Filmer aus der Schweiz nahm Videos auf
Die Videos wurden den Angaben zufolge von dem technikinteressierten Filmer Michael Meier aufgenommen. Der Schweizer, der selbst in der Seilbahnbranche gearbeitet hat, schaute sich die Aufnahmen nach dem Absturz der Seilbahngondel wieder an. Dabei fielen ihm die angebrachten Gabeln auf. „Schon im Jahr 2014 wurden diese Forchettone mit Personen in der Kabine eingesetzt“, sagte er dem ZDF-Magazin, das am Dienstag (21 Uhr) ausgestrahlt wird.
Der Schweizer Seilbahnexperte Gabor Oplatka von der Eidgenössischen Technischen Hochschule Zürich (ETH) analysierte die Videoaufnahmen für das ZDF und kam zum selben Ergebnis: „Offensichtlich hat man das praktiziert. Und bis jetzt Glück gehabt, weil ein Zugsachschaden ja relativ selten vorkommt.“ Auch der italienischen Staatsanwaltschaft liegen die Aufnahmen mittlerweile vor.
Führungsseil ist gerissen
Am Pfingstsonntag war das Führungsseil der Bahn gerissen, eine Gondel raste am Tragseil Richtung Tal, ohne dass die Notbremse griff, stürzte an einer Stütze in die Tiefe und überschlug sich am Boden mehrfach, bis sie von einer Baumreihe gestoppt wurde. 14 Menschen wurden getötet. Der einzige Überlebende, ein fünf Jahre alter Junge, wurde schwer verletzt. Unklar ist weiterhin, warum das Führungsseil riss.
Einer der drei festgenommen Mitarbeiter räumte nach Angaben seines Anwalts ein, er habe die Notbremse bewusst blockiert. Sie habe immer wieder gegriffen, während die Gondeln unterwegs gewesen seien, erklärte der Anwalt Marcello Perillo. Sein Mandant hätte das nicht getan, wenn er geglaubt hätte, dass das Führungsseil reißen könnte. „Er ist kein Verbrecher und er hätte nie Leute mit dem Bremssystem hinauffahren lassen, wenn er gewusst hätte, dass es die geringste Möglichkeit gebe, dass das Seil reißen könnte“, sagte Perillo.

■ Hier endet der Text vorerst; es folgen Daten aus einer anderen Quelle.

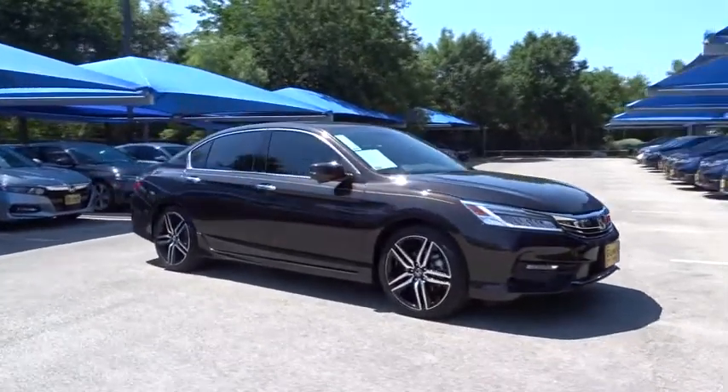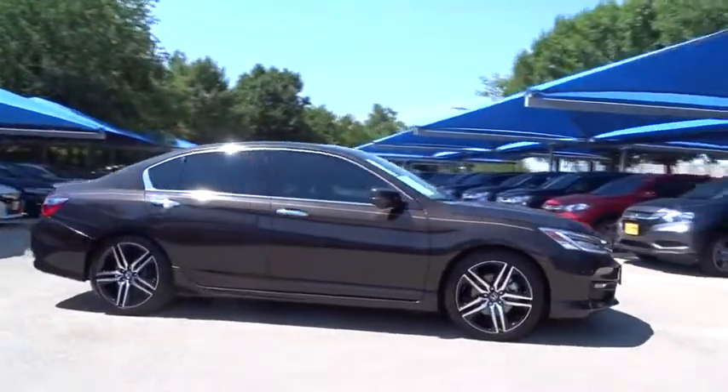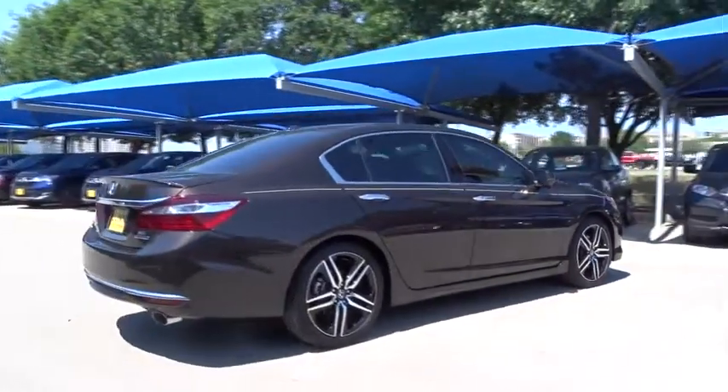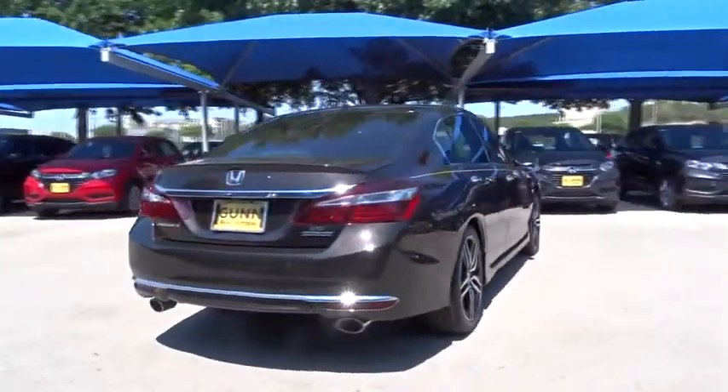The 2017 Honda Accord. Ingeniously simple, yet overflowing with luxury and technological creativity. All that and more in the Accord.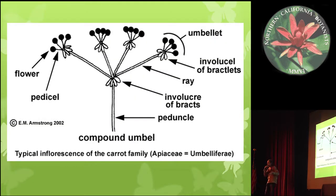Just as a brush-up on APACE characters: you've got the pinnacle, and then you've got the bracts, and the bracts subtend the rays. At the top of the rays you've got bracteoles, and those subtend the flowers. I'm going to be talking about the bracteoles.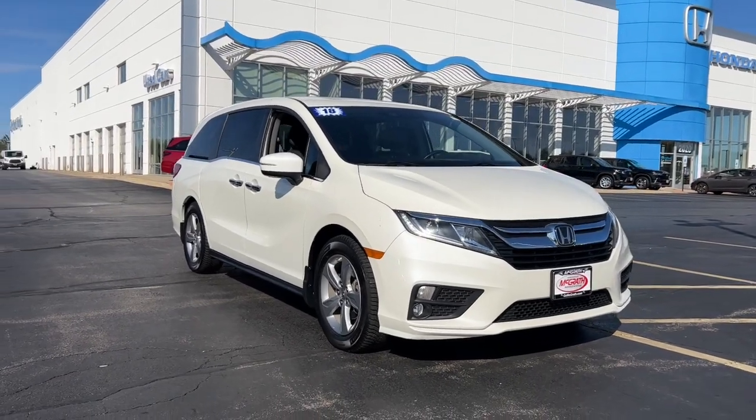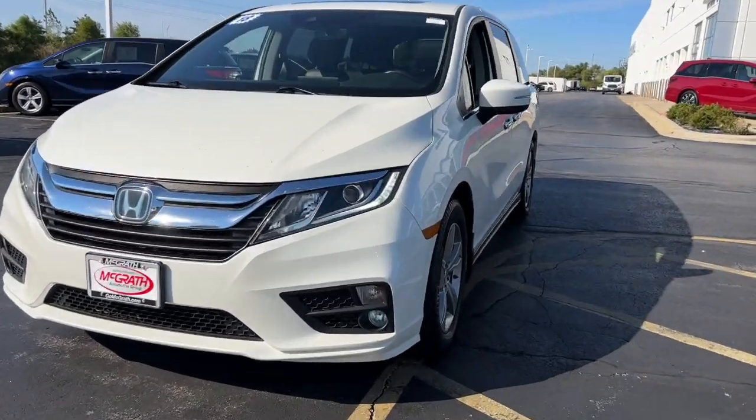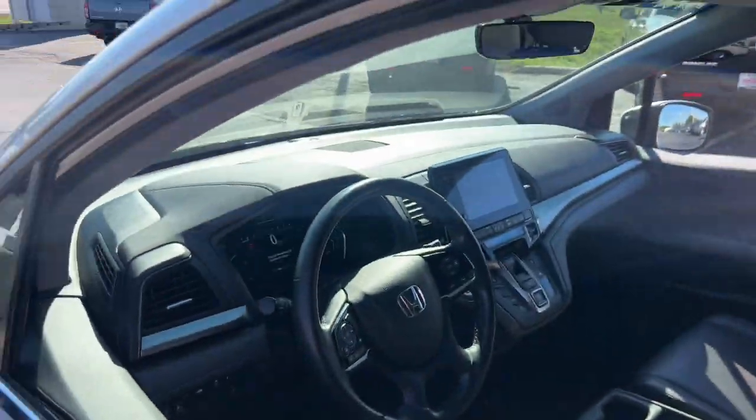Hop into the 2018 Honda Odyssey. With less than 80,000 miles on the odometer, this vehicle stands out from the rest. You'll feel safe and relaxed on every excursion in this comfortable and stylish Odyssey.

Die anderen beiden Seilbahnmitarbeiter wurden aus der Haft entlassen. Es gebe keine ausreichenden Beweise, dass sie gewusst hätten, dass der Techniker die Notbremse bewusst außer Kraft gesetzt habe, um Verzögerungen im Betrieb zu verhindern, sagte Untersuchungsrichterin Donatella Banci Buonamici.